Earlier I mentioned former Solicitor General John MacBeth, the very fine former member for Humber. His police legislation was troubled a number of times and it was withdrawn once, if not twice. There was the Toronto Islands bill, where the Minister of Intergovernmental Affairs knew he had put both feet into a hornet's nest. In that marvellously smooth and orderly way the member for Scarborough North withdrew so gracefully, it was a sight to behold.

What does the Minister of Education do upon encountering a hornet's nest? She plants it squarely on her head and lets the infectious wasps sting her and infuriate her more. Members know what that does to the mood of the session in its 11th hour. I cite for the attention of my five friends --

Interjections.

The Acting Speaker: Speaking to the motion. Order, please, by other honourable members.
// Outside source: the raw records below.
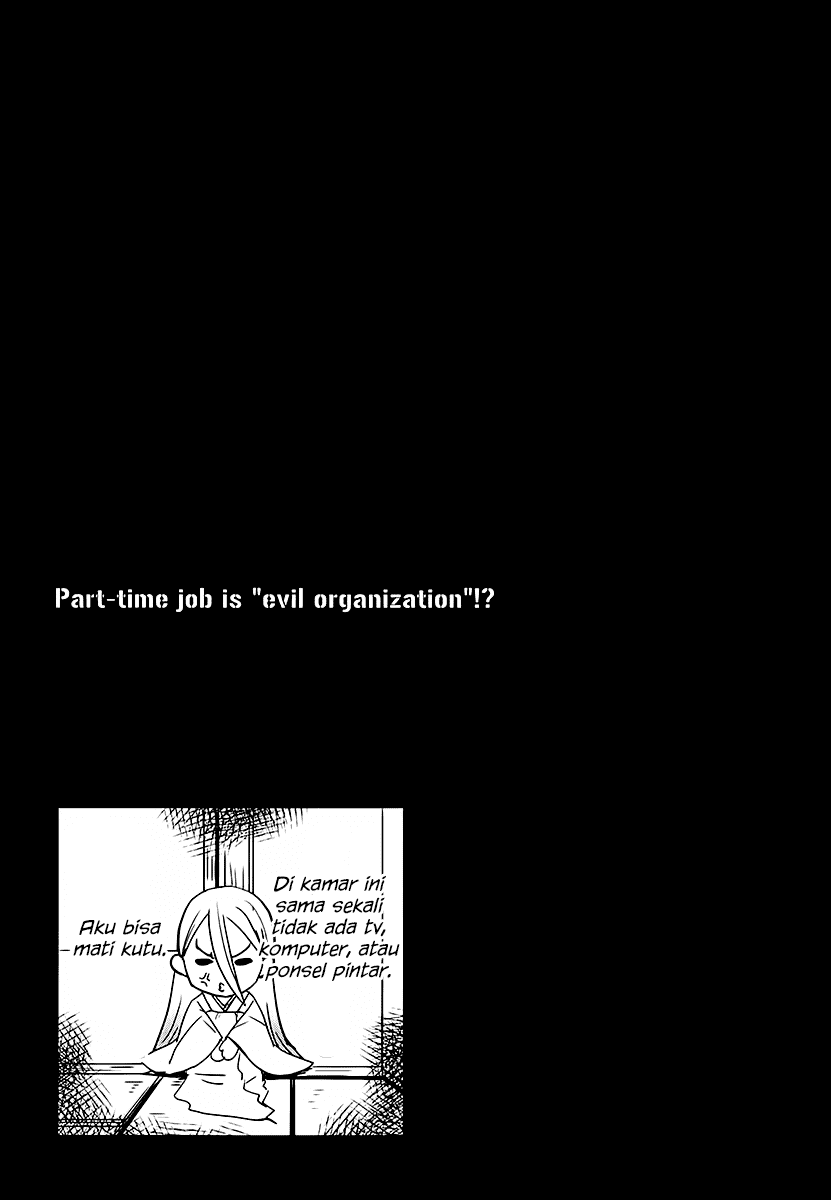 Baito Saki wa “Aku no Soshiki”?! Chapter 04 - Halaman 14
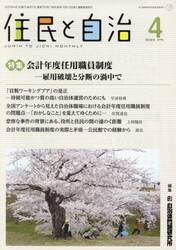 住民と自治　２０２３−４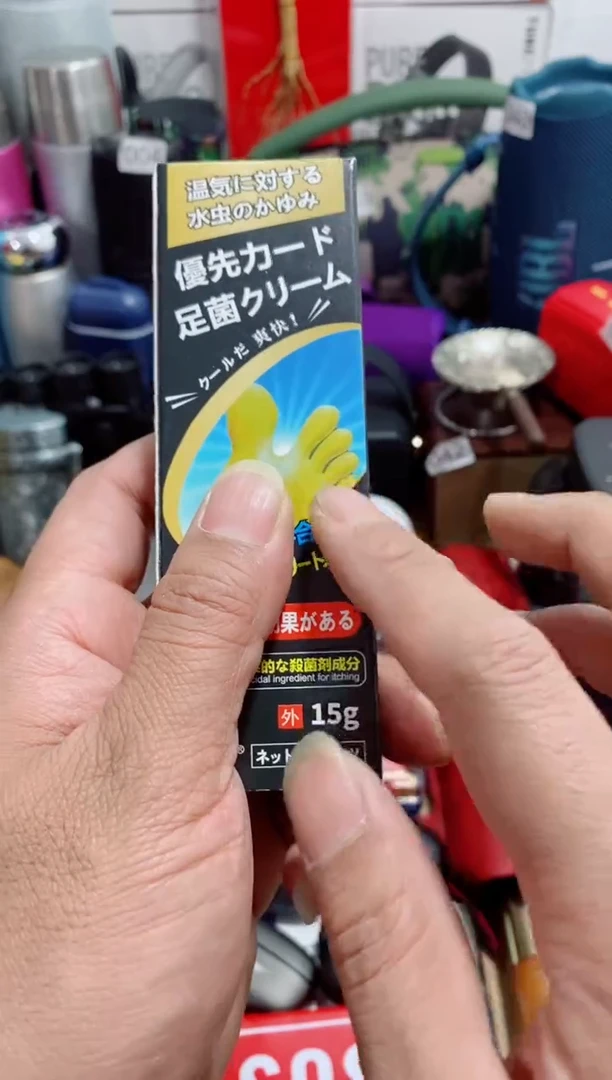 无瓷片闪购商品如图所示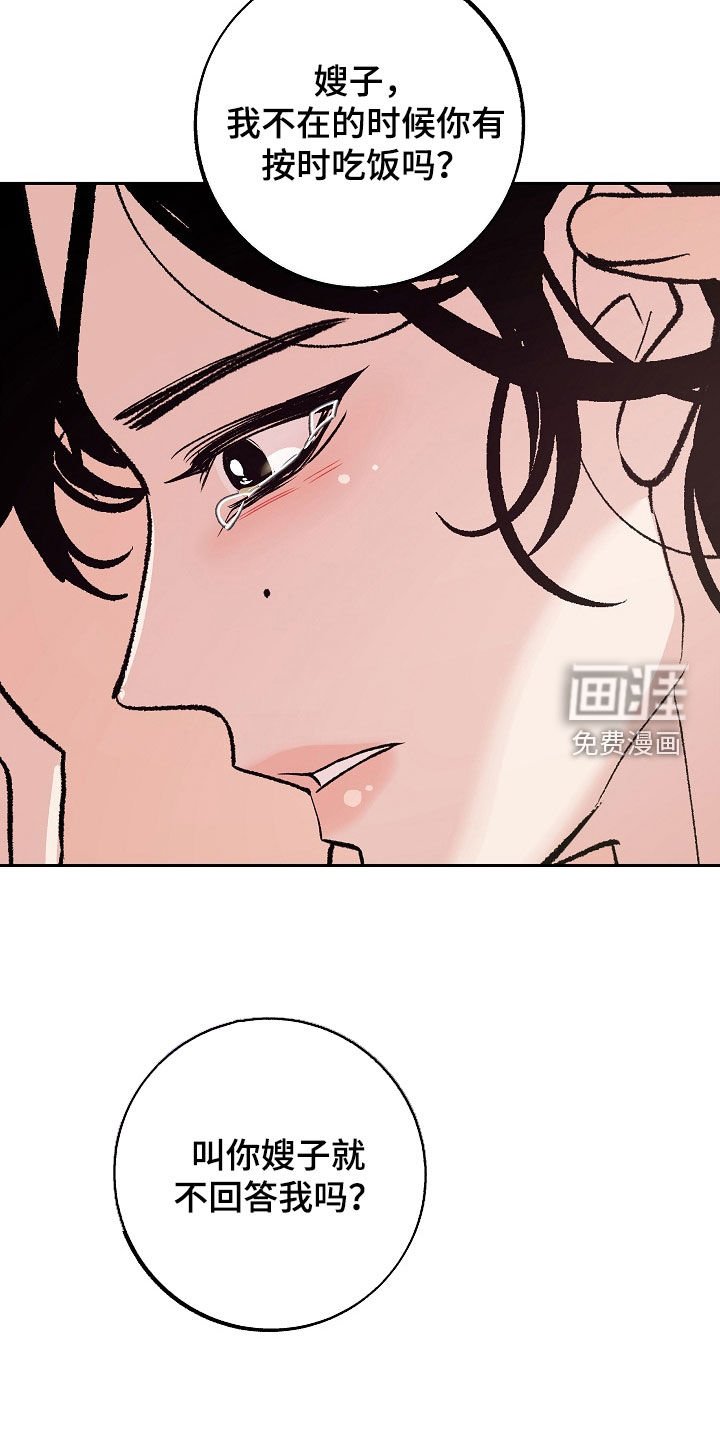 第32章：没有资格
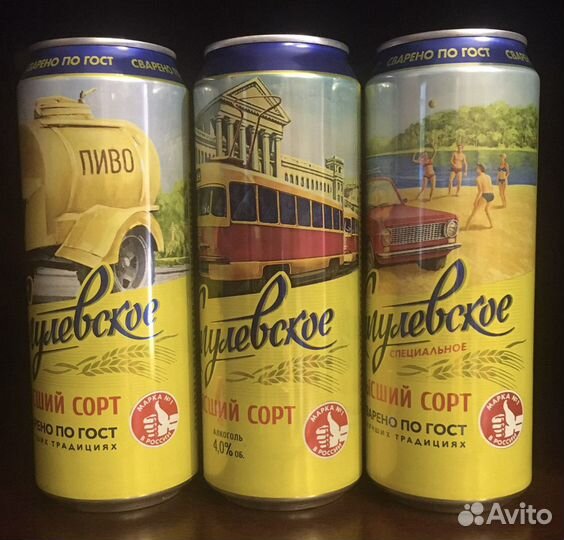 Банки пивные Жигули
Mr. Conway: I draw to the attention of the five members I singled out moments ago sitting in the upper corner of the government's back bench -- a distinguished array of talents and ministerial potential, I must admit -- that to understand why this government notice of motion is so distasteful is to understand that there are alternatives. I just mentioned a couple of the ways.

If all else fails, if we cannot get agreement, if moderate debate on the principal issues and major amendments in the committee stage before third reading comes to naught, then we know our forbears in this distinguished place had a contingency plan to deal with that: standing order 36.

Mr. Martel: They never use it.

Mr. Conway: My friend the member for Sudbury East points out that it has been rarely used. If I am not mistaken, until it was used on the Suncor matter, it was some 40 or 50 years before that kind of motion could be found in practice in the Ontario Legislature. It is there and it is not there by accident. Its relatively infrequent use is no accident at all.

Through the chair to my honourable friends opposite, the members for Timiskaming, Stormont, Dundas and Glengarry, Lakeshore and elsewhere, I have to say that there is a way to break the jam. There is an alternative to government notice of motion 11 which is not popular.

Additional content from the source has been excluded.